TriHUG January 2012 Talk by Chris Shain
2 weeks ago

Next Meeting: January 17, 2012 @ Bronto Software

Title: Intro to Apache HBase by Chris Shain of Tresata

Location: Bronto Software in Durham, NC

RSVP

Abstract: Chris will provide an introduction to Apache HBase, aiming to discuss:

  1. What is HBase? (High level overview)
  2. Details of the HBase architecture
  3. How do clients interact with HBase?
  4. Some general HBase patterns and anti-patterns
  5. What are the use cases for HBase vs. Relational DB?

Bio: Chris Shain is the software development lead at Tresata, a provider of Big Data solutions for the financial industry in Charlotte NC. His background includes 7+ years of software development experience in the financial services industry, with a focus on customer-facing data management applications and data warehousing. Lately he works with Hadoop and HBase on data volumes in the multi-terabyte range, and tinkers with geographic information systems. He lives in Charlotte NC, and can be reached at chris@tresata.com or twitter @ChrisShain.

2 months ago

Slides from Alan Gates Presentation on Nov. 15, 2011

Thanks to Alan Gates of Hortonworks for the two excellent presentations on Apache Pig and Apache HCatalog.

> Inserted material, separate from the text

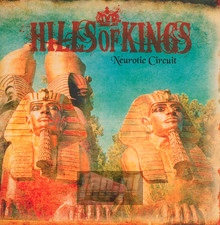 Neurotic Circuit - Hills Of Kings - powiększ Neurotic Circuit - Hills Of Kings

Links to the slides for the two talks are included below and are also available on Slideshare.

3 months ago

Slides from Oct. 11 TriHUG meeting featuring Josh Patterson of Cloudera

3 months ago

Next Meeting: November 15, 2011 @ Bronto Software

Our next meeting will be November 15 at Bronto Software.  The speaker will be Alan Gates, the author of Programming Pig and a member of the Hortonworks team.  RSVP here.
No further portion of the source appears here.